In fact, American government officials issued a public warning on March 7 and said they had also privately conveyed that to their Russian counterparts through official channels.
In the days after the attack, a Russian intelligence operation known as Doppelgänger circulated fake posts online asserting Ukrainian or Western involvement “in a coordinated effort to galvanize domestic support, promote unity and escalate Russia’s war in Ukraine,” said Brian Liston, a researcher with Recorded Future, an intelligence threat company.
One article, he noted, appeared on a website linked to Doppelgänger that claimed the British government sought to “deliberately draw attention away from the tragedy because they themselves, together with Ukraine, committed the terrorist attack by the hands of radical Islamists.”
Unsubstantiated claims of American involvement or complicity came not only from the Russians.
Mike Benz, a former official in the Trump administration, said on X that “if the State Dept knew it, the CIA somehow had advance awareness.” He conspiratorially told followers to “fill in the rest yourself.” Later, he wrote that he had “no knowledge of this, direct or indirect, and am not making any claims here,” adding, “Just initial reaction of things that get my hackles up is all.”

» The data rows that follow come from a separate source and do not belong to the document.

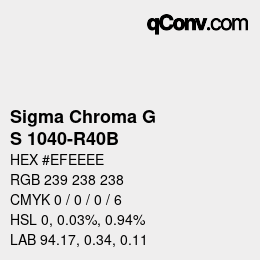 カラーコード: Sigma Chroma G - S 1040-R40B | qconv.com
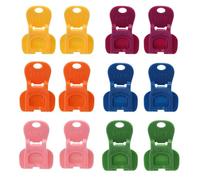 12pcs Tab Opener & Drink Protector - Ring Pull Can Opener Aid Soda Can Tab Opener Tool, Drinks Can Opener with Hole Beverage Barricade Covers for Coke Beer Soda (6 Colors)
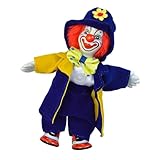 Construction : avec de la céramique fine et du tissu, cette figurine a une texture délicate, avec une attention particulière aux détails dans chaque aspect, des cheveux aux plis de vêtements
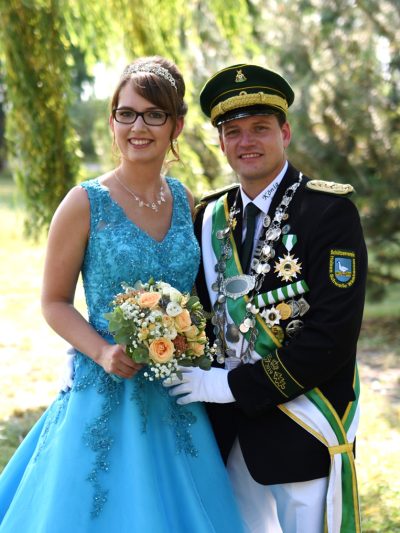 Thorsten Schulte und Claudia Böhle - Königspaar 2019 des Schützenvereins Holsen-Schwelle-Winkhausen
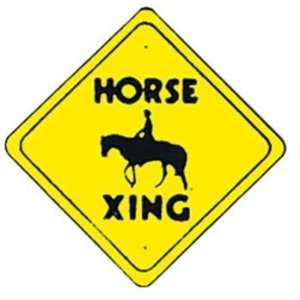  Horse X Ing Diamond Shaped Sign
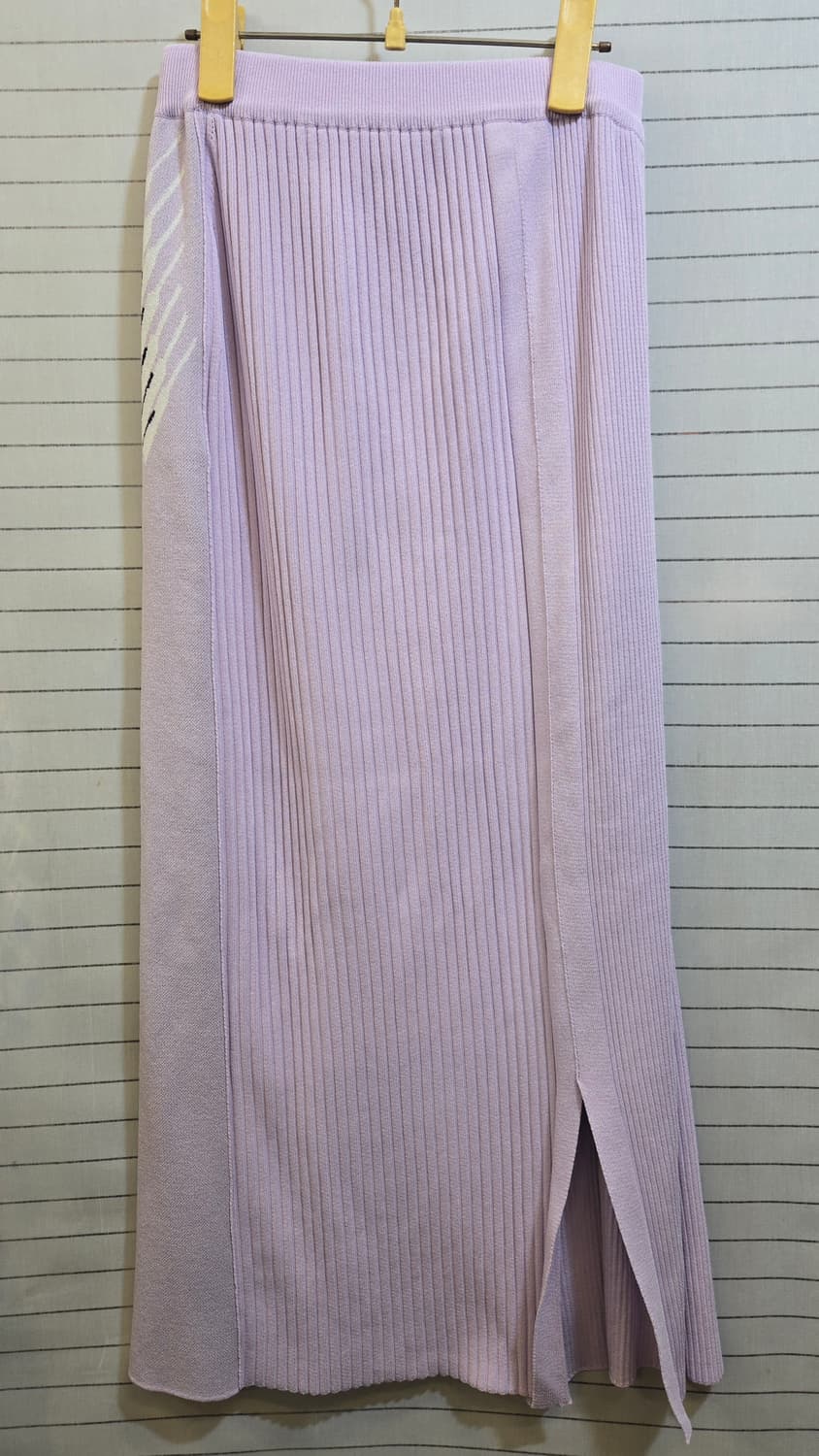 라벤더시스템  니트 롱 스커트 트임 스커트 상품이미지8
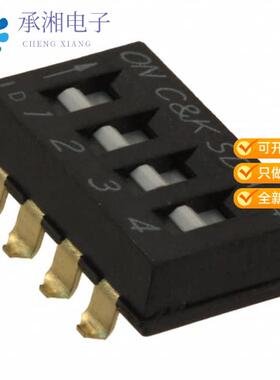 全新SDA04H0SBD正品SWITCH SLIDE DIP SPST 25MA 24V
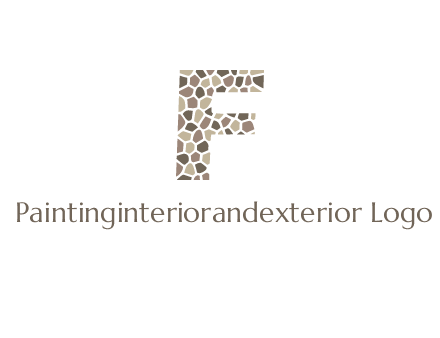 mosaic letter F logo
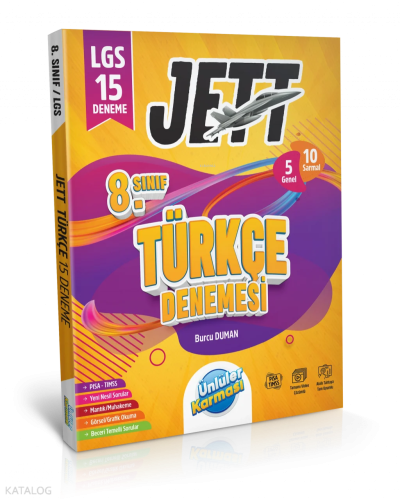 Ünlüler Karması 8. Sınıf Jett Türkçe 15 Deneme | Burcu Duman | Ünlüler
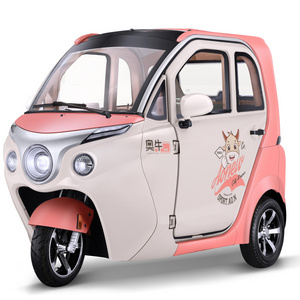 Three Wheels Adults Passenger Cheap Electric Fully Enclosed Scooters 3 Wheel Electric Car 60V Cargo Closed Eec Rotatable Seat 4M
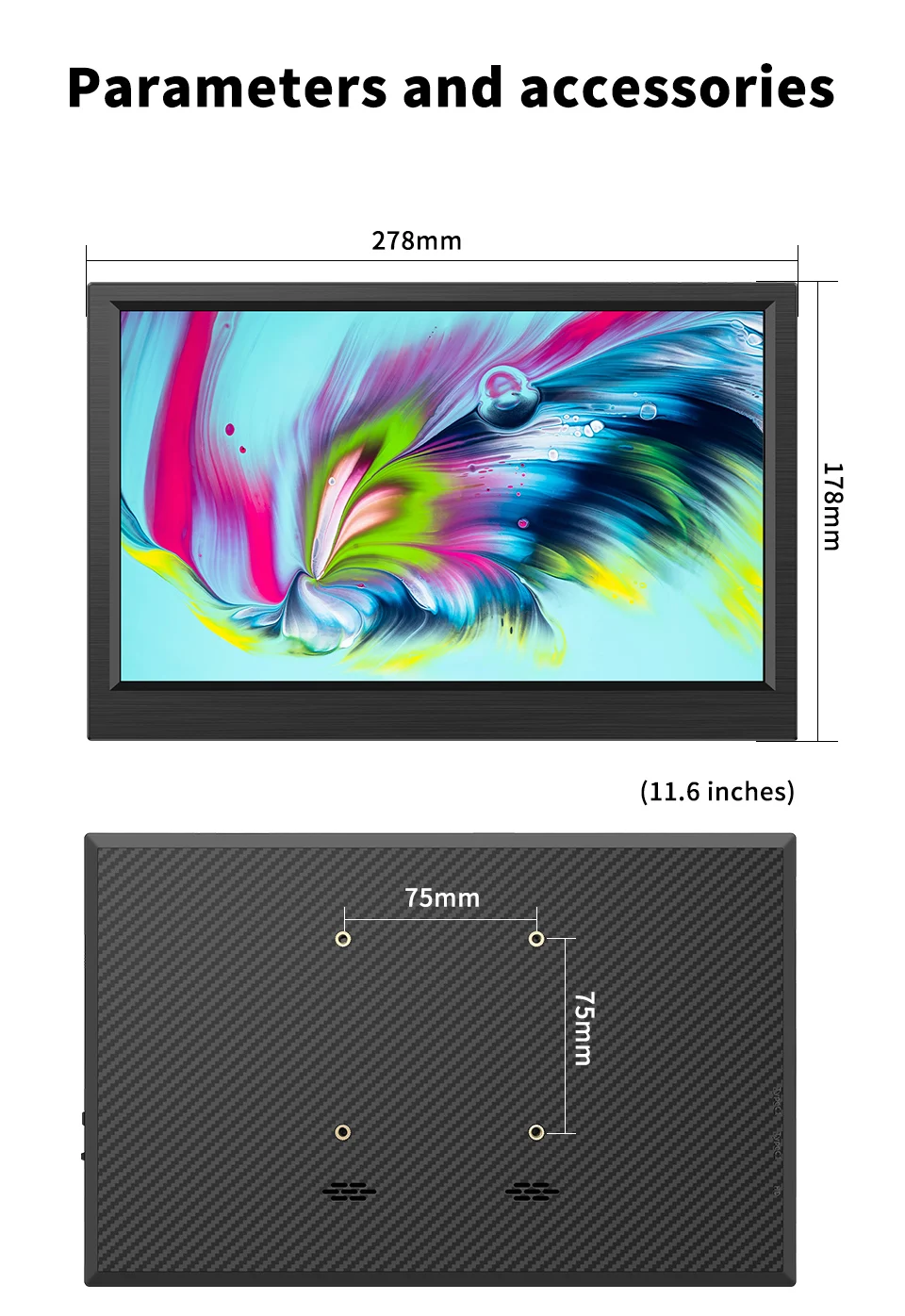 11.6 Inch Portable Monitor HDMI-Compatible Laptop second screen Gaming Extended Display For Switch/PS4/Xbox/Raspberry Pi 11.6 Inch Portable Monitor HDMI-Compatible Laptop second screen Gaming Extended Display For Switch/PS4/Xbox/Raspberry Pi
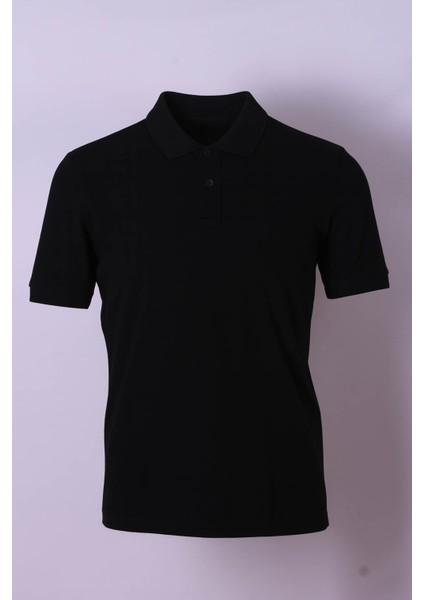 Pike Jakar Yaka Siyah Erkek T-Shirt 2739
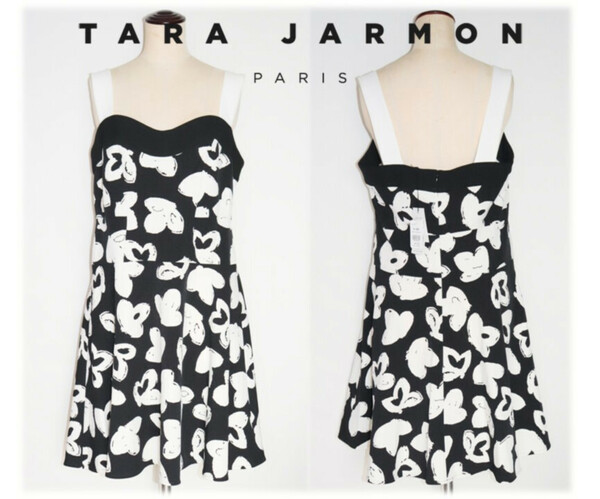 新品タグ付き【TARA JARMON タラジャーモン】キャミワンピース チュニック 44(L-XL) v964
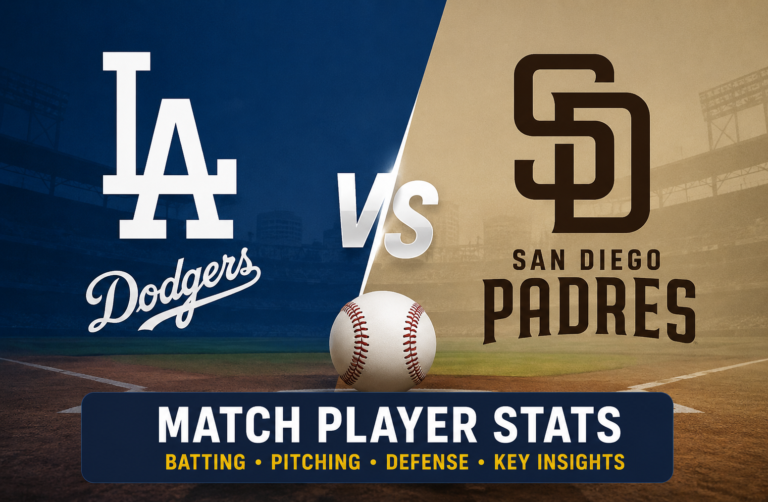 San Diego Padres vs Los Angeles Dodgers Match Stats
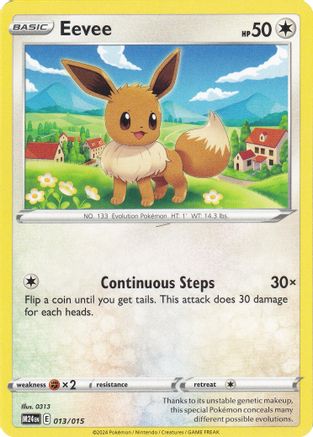 Image of Eevee 013  McDonalds Promos 2024 - Promo
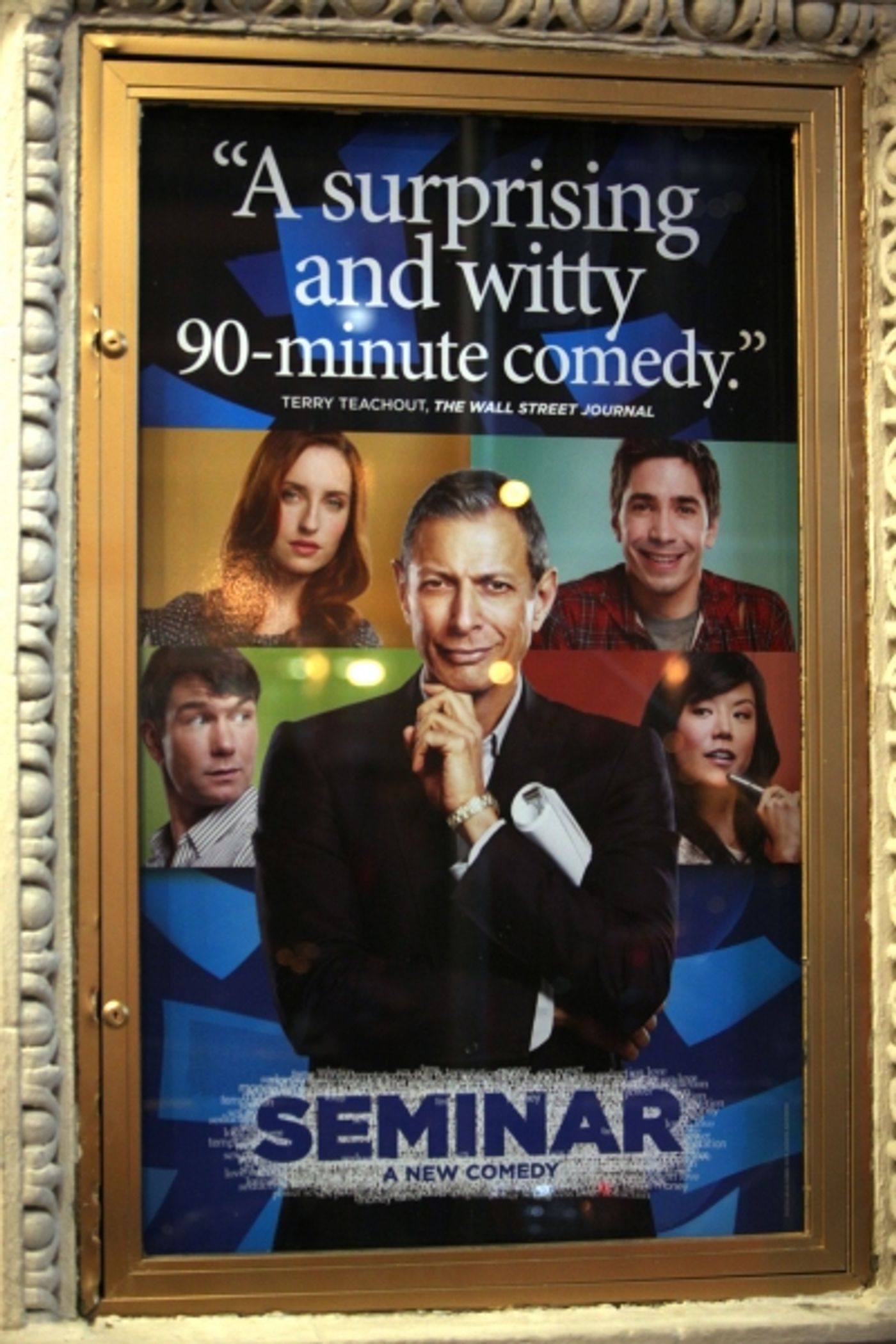 Photo Coverage: Jeff Goldblum, Justin Long & Zoe Lister-Jones Take Premiere Bow in SEMINAR!  Image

The Russian false flag theory
Ukraine and the West, however, were not the only targets for accusations. Officials outside Russia and several social media users with sizable followings suggested that the Kremlin had staged the attack itself so it could generate support for its war in Ukraine. Even the statement from Ukraine’s Foreign Ministry pushed the idea, saying that “there are no red lines for Putin’s dictatorship” and adding, “It is ready to kill its own citizens for political purposes.”
People scrutinized videos from inside the concert hall and suggested that a uniformed man with a dog appeared too calm in the chaos and therefore must have been a government agent complicit in the attack.
Russia’s critics have also recalled a series of deadly apartment building bombings in Russia in 1999 that reignited the country’s civil war in Chechnya. To this day, some suggest the Kremlin orchestrated those bombings to lift Mr. Putin, then a newly appointed prime minister, to greater power.
Identifying the wrong terrorists
Images of five men began circulating online after the attack, with various accounts identifying them as the Crocus gunmen. The men turned out to have been killed in Ingushetia, a region in southern Russia, earlier in March, prompting one high-profile intelligence-focused account to retract its claim linking them to the Moscow attack.
Many of the false narratives about the Crocus attack originated on Telegram, which is popular in Russia, and then fanned out in translation to platforms like X. There, the “enormous push, the need to know what’s happening,” attracted opportunistic commentators, said Roman Osadchuk, a research associate for Eurasia at the Atlantic Council’s Digital Forensic Research Lab. By quickly weighing in on the tragedy — regardless of accuracy — social media users could build their audiences and take advantage of financial incentives, such as an arrangement on X to share advertising revenue from popular posts.
“In any emergency, to be among the first bearers of news helps you receive much of the traffic and followers and be competitive,” he said.